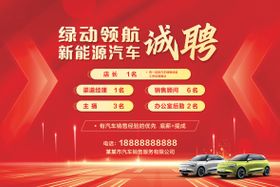 新能源汽车招聘海报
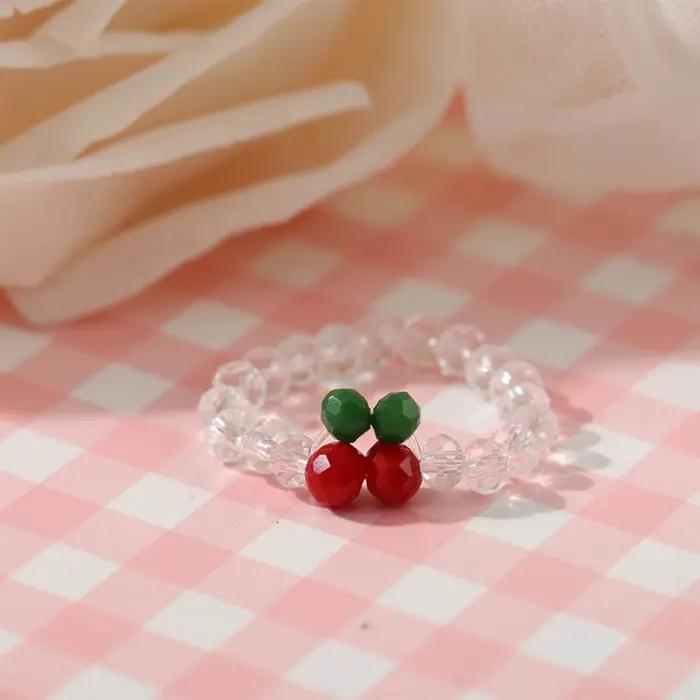 Bagues élastiques minimalistes en forme de cerise rouge pour femmes, idéales pour occasions spéciales et soirées de gala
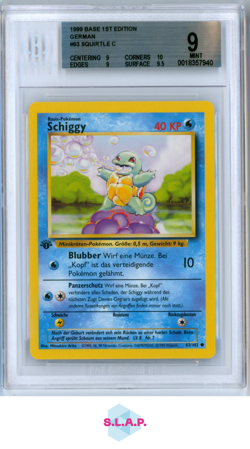 SQUIRTLE C 1999 POKEMON BASE 1ST EDITION GERMAN 63 BGS 9.0 - Image 1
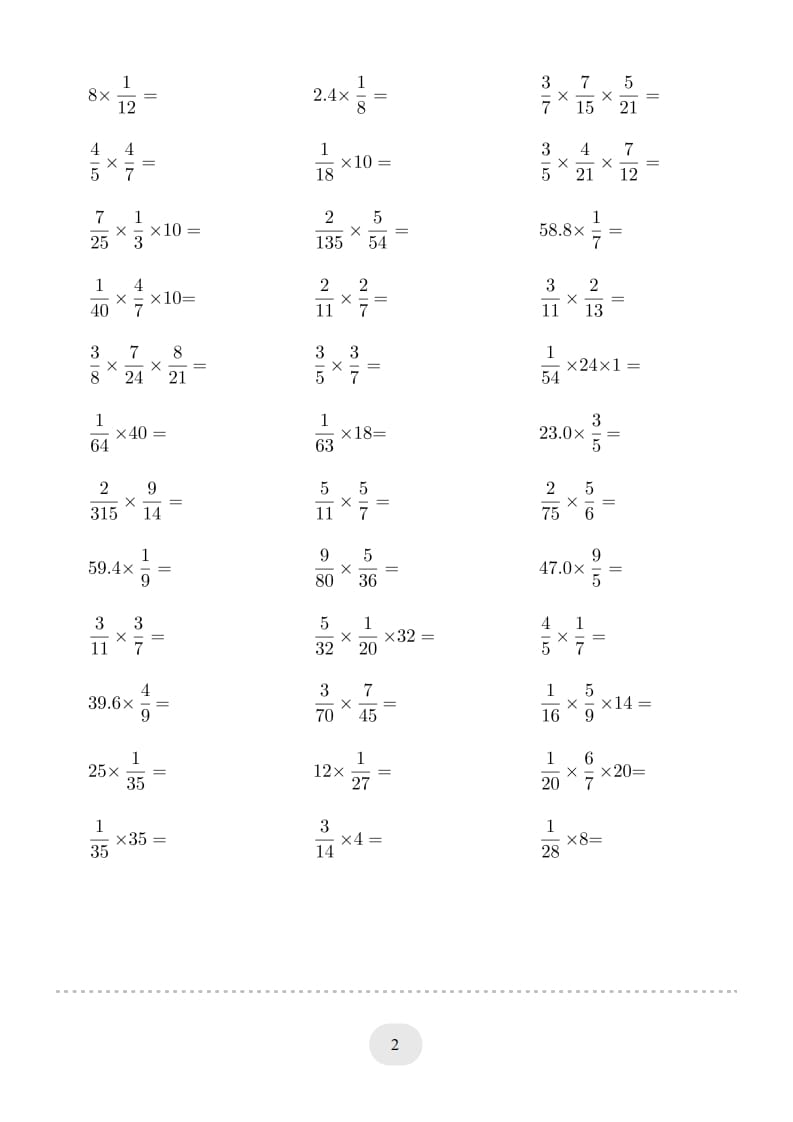 图片[2]-六年级数学上册▲口算题（分数乘法）连打版（人教版）-学霸吧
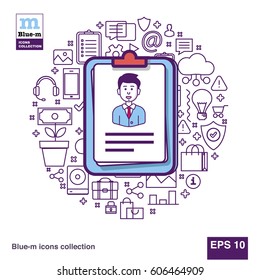 stack of resume, suitable candidate full color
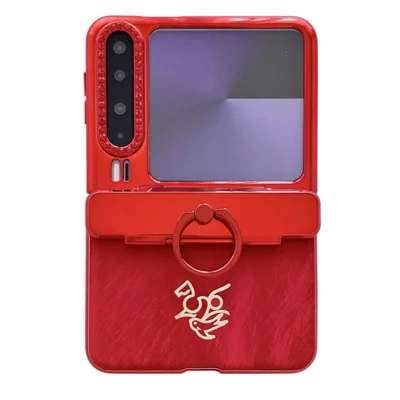 Capa para Telemóvel Huawei Pura X com Padrão de Cavalo de Ano Novo, com Suporte de Anel e Película Traseira de Vidro Temperado em Material PC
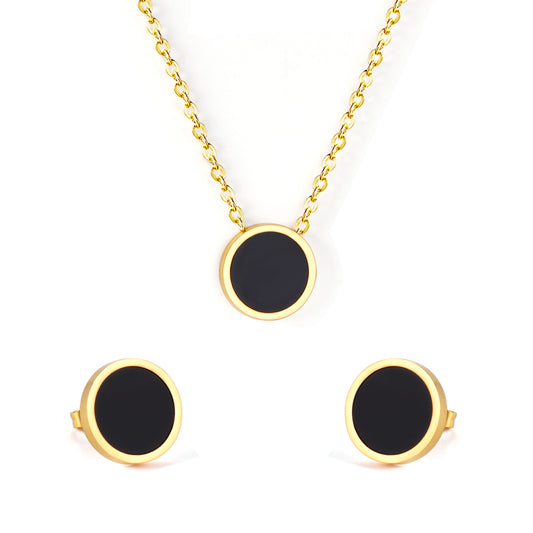 black circle gold frame jewelry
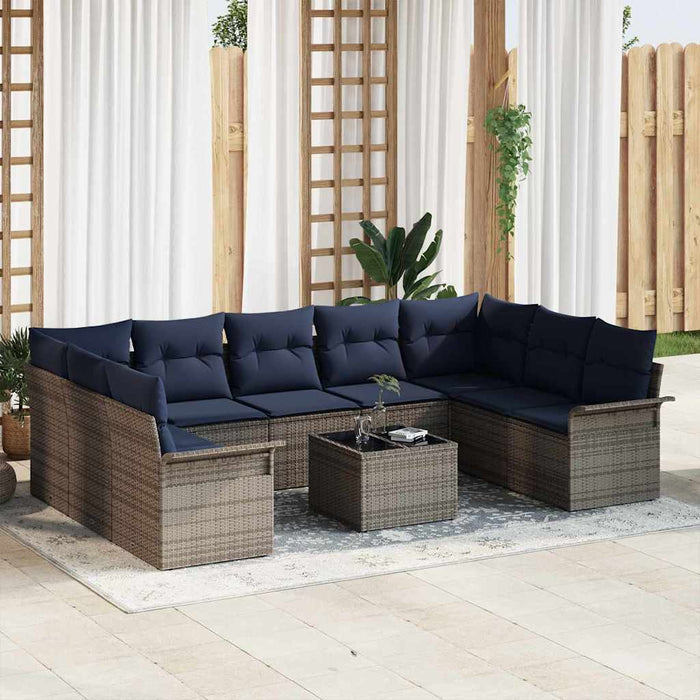 vidaXL Conjunto de sofá de jardín 10 uds. Gris ratán sintético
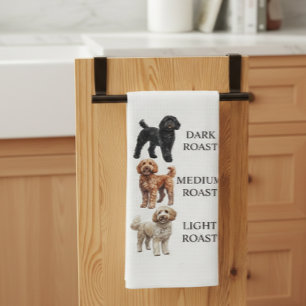 Goldendoodle Kaffe Ljust Mörkt Medium Rost Kökshandduk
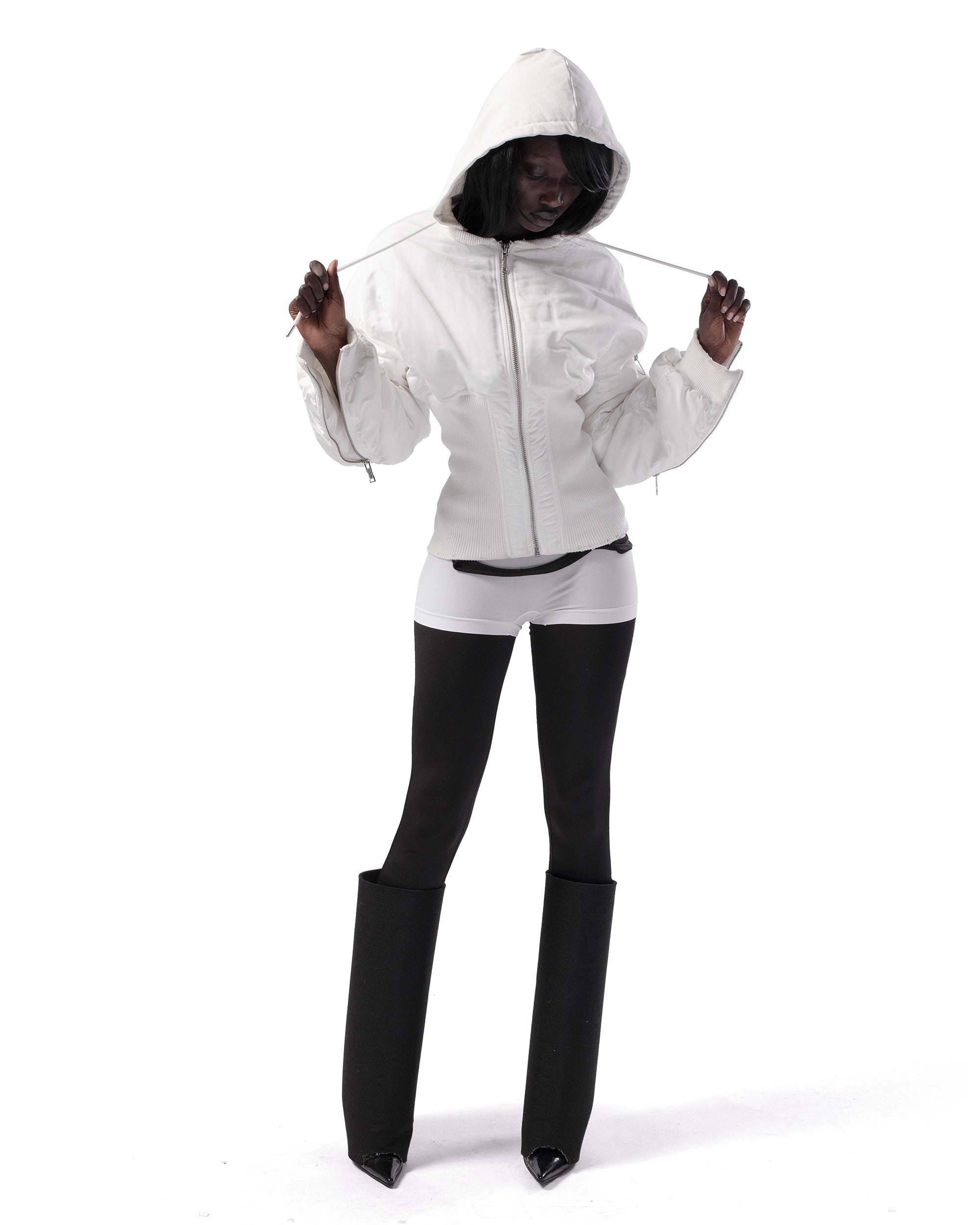 White Fitted Bomber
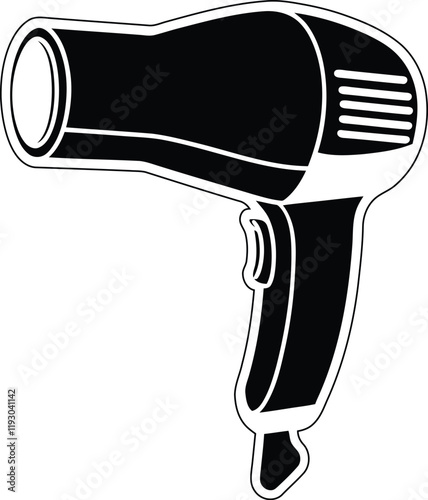Beautiful hair dryer vector illustration design, hair dryer silhouette, hair dryer line art vector, hair dryer icon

# # # # #

- _PROBLEM REQUIREMENTS_
Your task is to retype, exactly and only, the lines from the line holding "vidaXL Conjunto de" through the final line of the data above, with both ends kept. Drop the pictures.

- _EXERCISE OUTPUT_
 vidaXL Conjunto de sofá de jardín 10 uds. Gris ratán sintético
 Goldendoodle Kaffe Ljust Mörkt Medium Rost Kökshandduk
 White Fitted Bomber
Beautiful hair dryer vector illustration design, hair dryer silhouette, hair dryer line art vector, hair dryer icon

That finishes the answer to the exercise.